Discrete probability distributions
Discrete probability distributions allow us to establish the full possible range of values of an event when it is described with a discrete random variable. Examples of the use of the Bernoulli’s, binomial, geometric, and hypergeometric distributions are shown.
We all will agree how nice it is to be totally exhausted at the end of the day, get into bed and fall asleep in a matter of seconds. I can tell you that, most of the times, the next day I don’t even remember when I go to sleep.
Of course this is not always the case. There are times when the brain insists on continuing to function, sometimes due to concerns of our daily life, but other times it insists on the most useless and absurd thoughts, despite the fact that the rest of the body cries out for disconnection.
For these fateful days (or nights) when you can’t fall asleep, I recommend an infallible trick: counting sheep.
It practically never fails. The secret is to count them without paying much attention to the sheep that are passing over the pillow and not obsessing over the size of the herd that is accumulating under the bed. And, much less, by the type of sheep that we have counted.
And I tell you this last so that you do not make the same mistake that my cousin usually does. The poor guy is an insomniac and, following my advice, he starts counting sheep. The problem is that, since he has a naturalistic vocation, he begins to pay attention to the color of each sheep, whether it has long hair, whether it is of one race or another, and things like that.

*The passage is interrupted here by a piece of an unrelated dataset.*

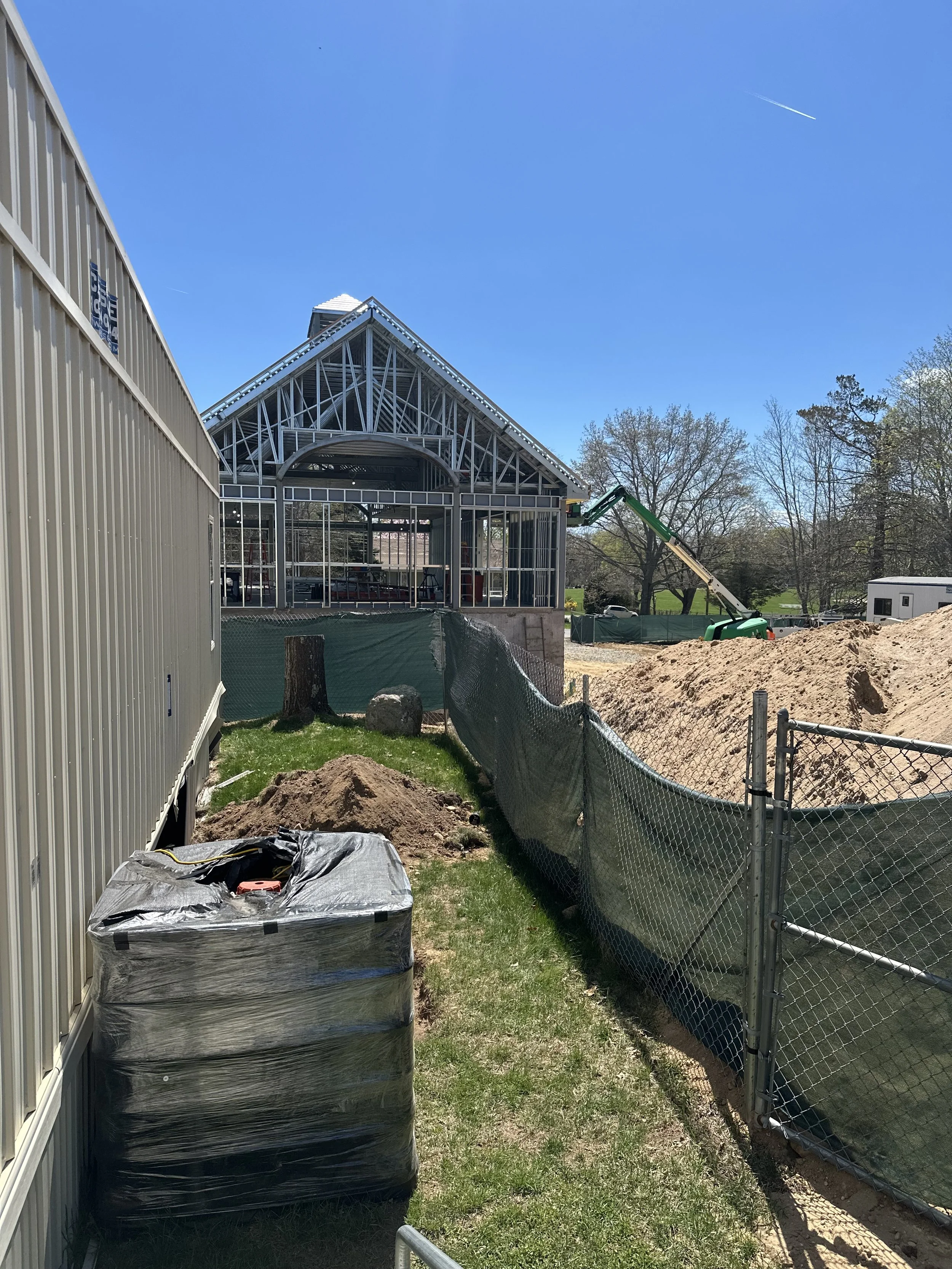 The image shows the steel-framed skeleton of the new Shelter Island Library addition rising under a clear blue sky. The structure features a high-peaked gabled roof and a distinct arched entrance, currently consisting only of silver metal studs witho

But that is only half the story, he begins to calculate the probability that the next sheep will be of one type or another. Do you want to know how he does it? Keep reading and you will see.
We already know that probability measures the degree of uncertainty or possibility of occurrence of each of the possible results of an event. This is usually calculated in the simplest cases by dividing the number of favorable events by the number of possible events.
For example, if we roll a six-sided die, the probability of getting a two will be 1/6. Thus, the probability can have a value from 0 (it is impossible for the event to occur) to 1 (it is certain that the event will occur).
But not always calculating the probability of an event is so simple. For more complex calculations, it is usual to resort to the probability distribution that follows the event in the population.
The probability distribution allows establishing the entire possible range of values of the event, which is usually a random variable, so it allows establishing the probability that the event occurs when performing a given experiment.
Discrete probability distributions
We already know that random variables can be continuous or discrete. Similarly, probability distributions are also continuous or discrete, depending on the type of variable for which they explain their distribution.
The best known of these probability distributions is undoubtedly the normal distribution, which is a continuous probability distribution.
However, my cousin, for his speculations with sheeps, uses discrete probability distributions, which are what we have to resort to when we want to count objects. This is so because discrete random variables are those that describe variables with integer values, with either a list of positive and/or negative values.
There are numerous discrete probability distributions, but here we are going to focus on my cousin’s favorites and see how he uses them. These are the Bernoulli’s distribution, the binomial distribution, the geometric distribution, and the hypergeometric distribution.
Bernoulli’s distribution, also called dichotomous distribution, is used to represent a discrete random variable that can only have two mutually exclusive outcomes. Furthermore, we can only apply this distribution when we perform a single experiment. If we do several, we will have to resort to the binomial distribution, which we will see later.
These two outcomes of a Bernoulli’s experiment are often called success and failure. Here it is important to note that “failure” does not mean the opposite of success, but any other result than success.
For example, if we define a Bernoulli’s experiment by rolling a die and considering success to roll a 6, a failure will be to roll 1, 2, 3, 4, or 5.
Like all probability distributions, we can define the Bernoulli’s distribution in terms of some of its parameters. Thus, if the probability of success is “p” and the probability of failure is “1-p”, the distribution can be defined by its mean (p) and its variance (p(1-p)).
This distribution is the simplest. Suppose that among the sheeps that my cousin counts there are 25% churras, 30% merinos, 15% carranza sheep and the rest, manchega sheep (these are different breeds of Hispanic sheep).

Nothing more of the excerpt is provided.